Cassidy called at seven the next morning.
Helena was already awake. She’d been awake since four, lying on her side of the bed listening to Damian breathe and thinking about the word *reconnecting* and what it was doing in her marriage.
She picked up before the second ring. “Talk.”
“Good morning to you too.” Cassidy’s voice was alert in the way of someone who had also not slept particularly well. “I found things.”
Helena sat up slowly. Damian shifted beside her. She slid out of bed and walked to the bathroom, closing the door quietly behind her.
“How much things,” she said.
“Enough.” A pause. “You sure you want to do this right now? Before coffee?”
“Cassidy.”
“Okay. Okay.” The sound of paper. Or maybe a keyboard. “Camila Calloway. Thirty one years old. Finance director at Vantage Group downtown. Moved back to Velmont eight weeks ago from New York where she worked at a firm called Aldridge Capital for four years.” Another pause. “Before New York she was here. In Velmont. For three years after university.”
Helena looked at herself in the bathroom mirror. “And before that.”
“Before that she was at Velmont University.” Cassidy’s voice changed slightly. Careful now. “Same years as Damian.”
The bathroom was very quiet.
“They were at university together,” Helena said.

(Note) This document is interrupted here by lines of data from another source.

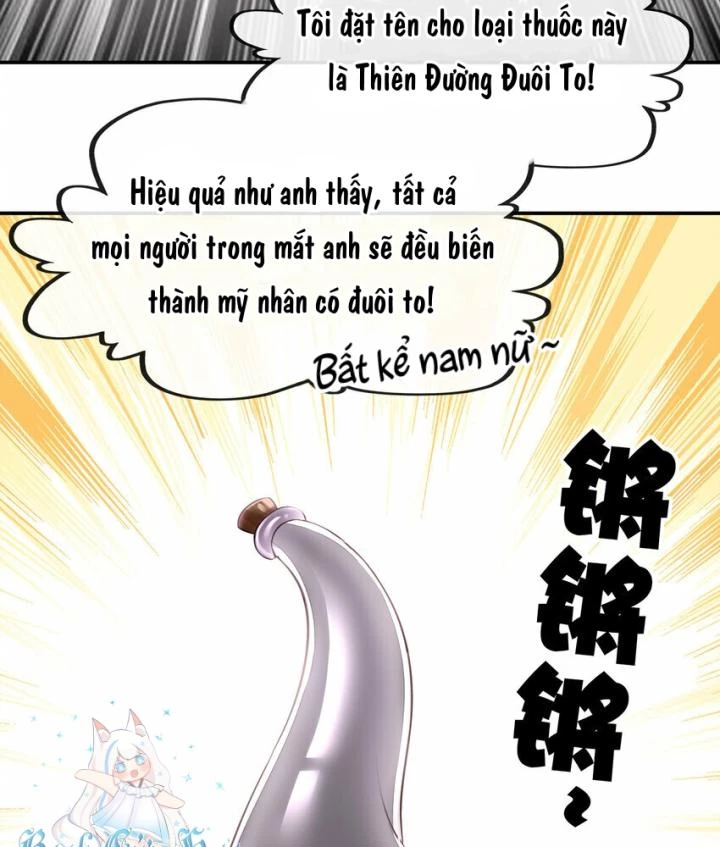 Thích Đuôi Lớn Thì Sao? Chapter 28 - Trang 2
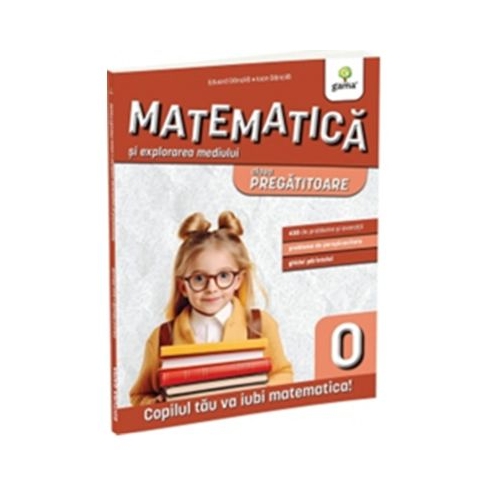 Matematica clasa pregatitoare - Ioan Dancila Eduard Dancila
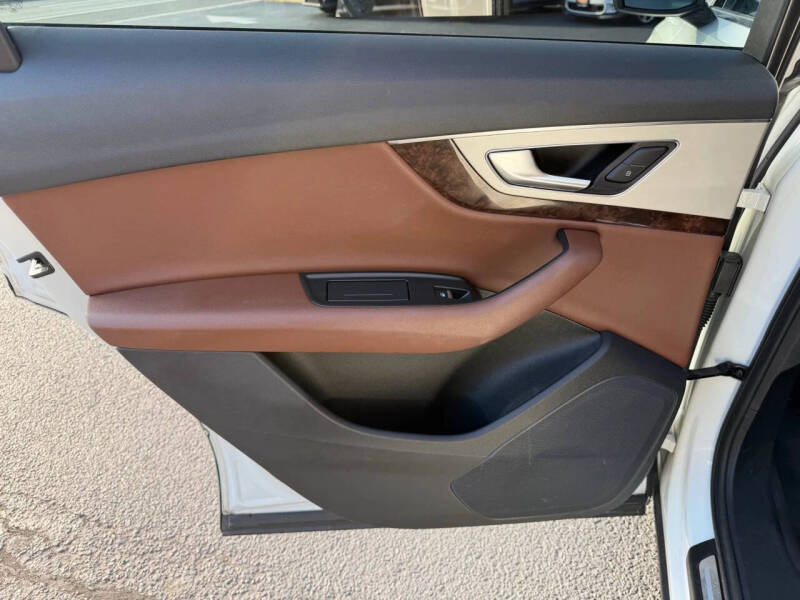 2018 Audi Q7 2.0T quattro Premium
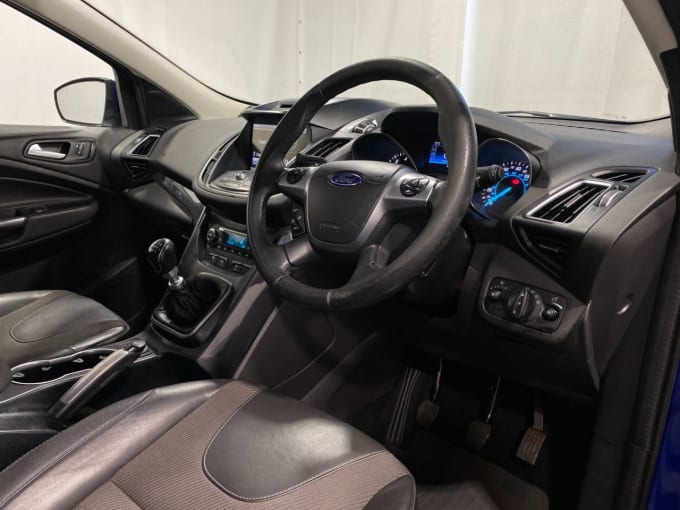 2025 Ford Kuga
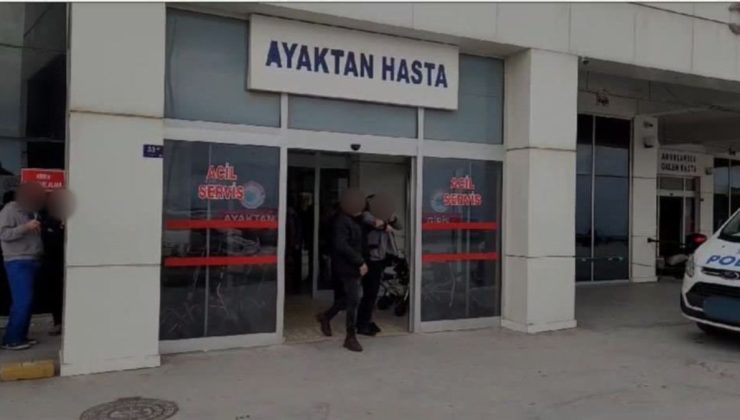 Suç makinesi karı-koca! Dosyada yok yok…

“Same faculty. Business and finance. There are photos of them together from back then. A group thing, looks like a faculty event, but they’re standing next to each other and…” Cassidy stopped.
“And what.”
“And the way he’s looking at her in that photo is not how people look at someone they barely know.”
Helena sat down on the edge of the bathtub.

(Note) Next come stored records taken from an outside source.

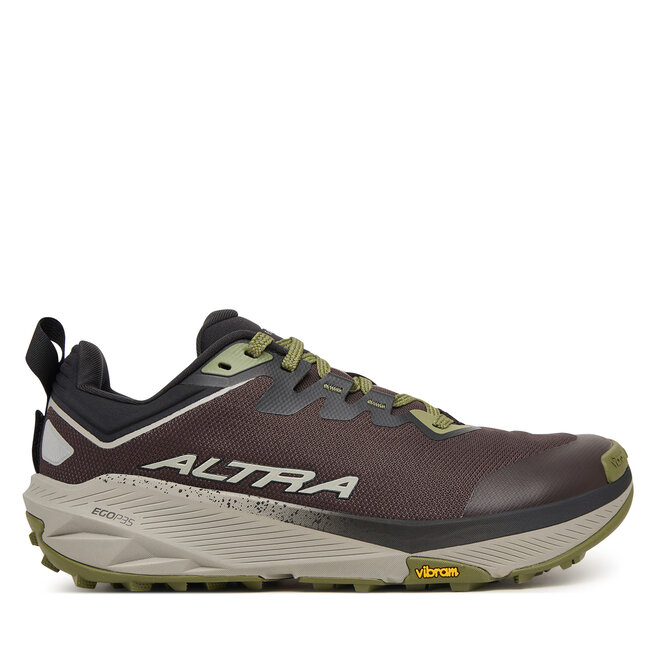 Buty do biegania Altra Experience Wild 3+ AL0A85V0 Szary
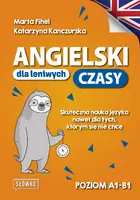 Okładka: Angielski dla leniwych. CZASY
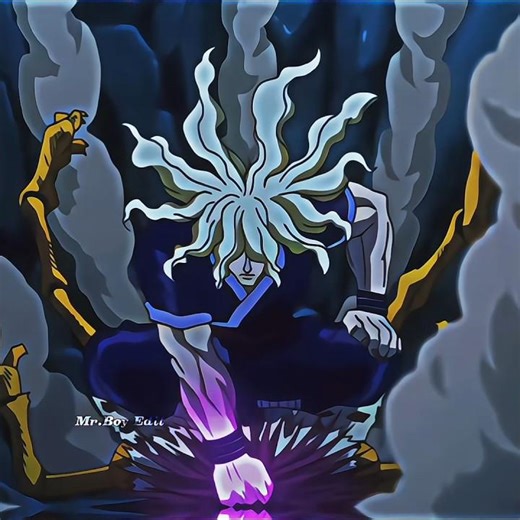 Silva killed Cheetu with one punch☠️| #hxh #anime #shorts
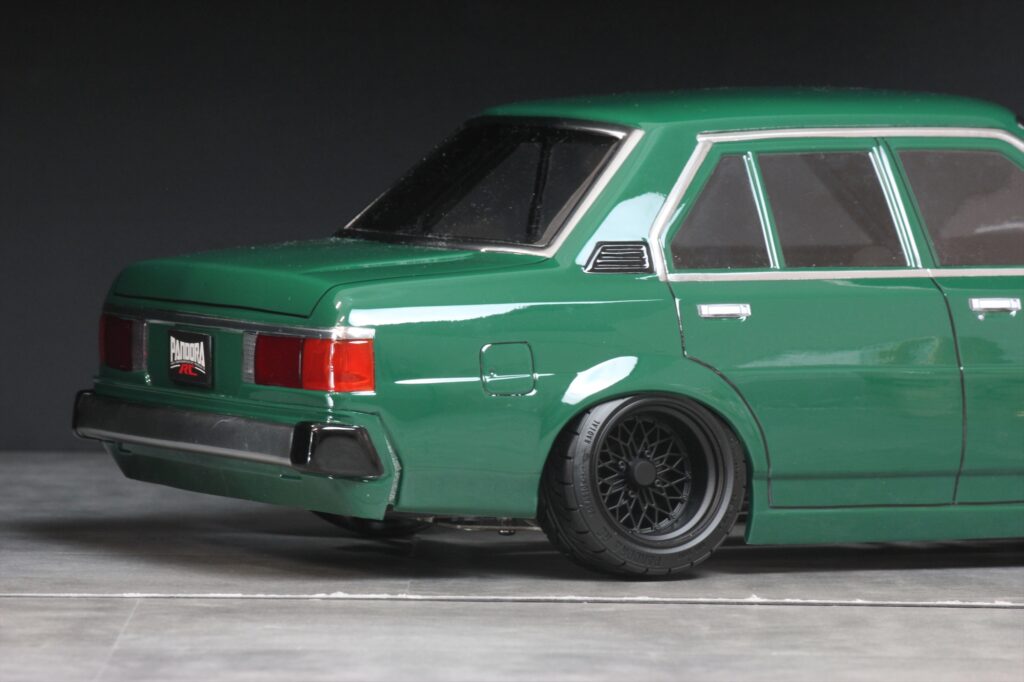 Toyota COROLLA KE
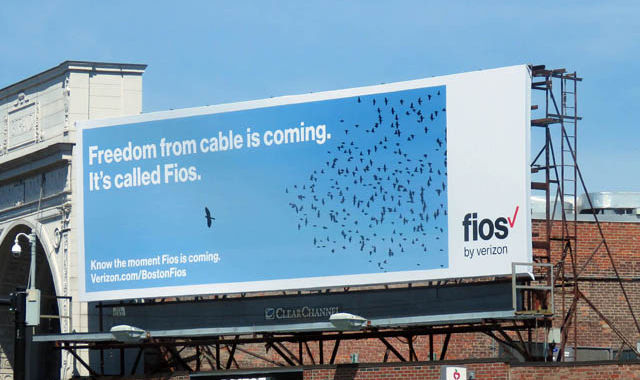 Verizon Fios Expansion Map Verizon Fios Expands Again, But Verizon's Future Is Still Wireless | Ars  Technica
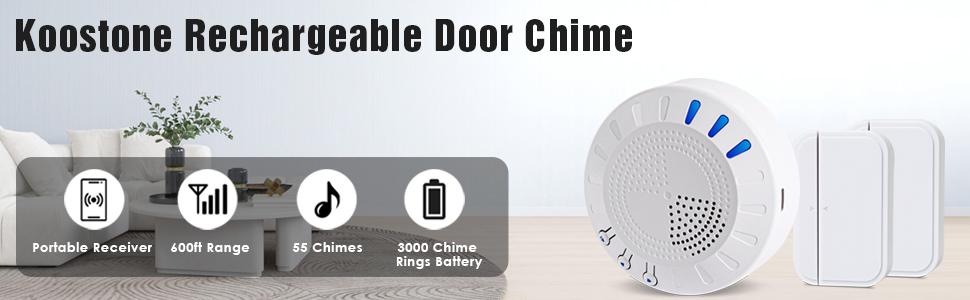 DOOR CHIME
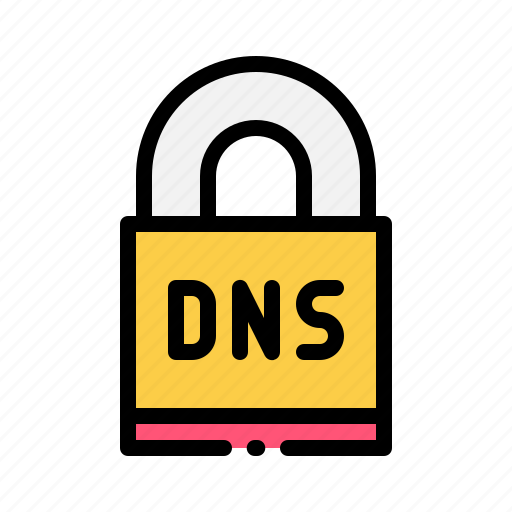 Dns, domain, network, connection, internet, communication, online icon - Download on Iconfinder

“How long,” she said. Not a question. Just words that needed to go somewhere.
“I don’t know exactly. But Hels… she didn’t just move back to Velmont. She moved back to a building four blocks from your house.”
Helena looked at the bathroom tiles. At the grout lines she’d cleaned herself two weekends ago on a Saturday morning while Damian was out. She’d spent three hours on those grout lines. She’d thought about nothing except making the bathroom clean.
“Four blocks,” she said.
“Four blocks.”
Helena stood up. Looked at herself in the mirror again. At the woman looking back who had been making rosemary chicken and cleaning grout lines and looking up every time a key hit the door while her husband was four blocks away from being someone else entirely.
“There’s more,” Cassidy said.
“Tell me.”
“I talked to Diane Mercer. You remember her, she works at Vantage, we went to school with her sister.”
“I remember Diane.”
“She says Camila has been talking about Damian. Not obviously. Not loudly. But the way women talk when they want people to know something without saying it directly.” Cassidy’s voice had gone flat and certain in the way it did when she was furious and containing it. “She told Diane he was an old friend she’d reconnected with. Said it with a specific kind of smile.”
Helena pressed her lips together.
“Okay,” she said.
“Okay?” Cassidy’s voice went up slightly. “That’s all you’re going to say?”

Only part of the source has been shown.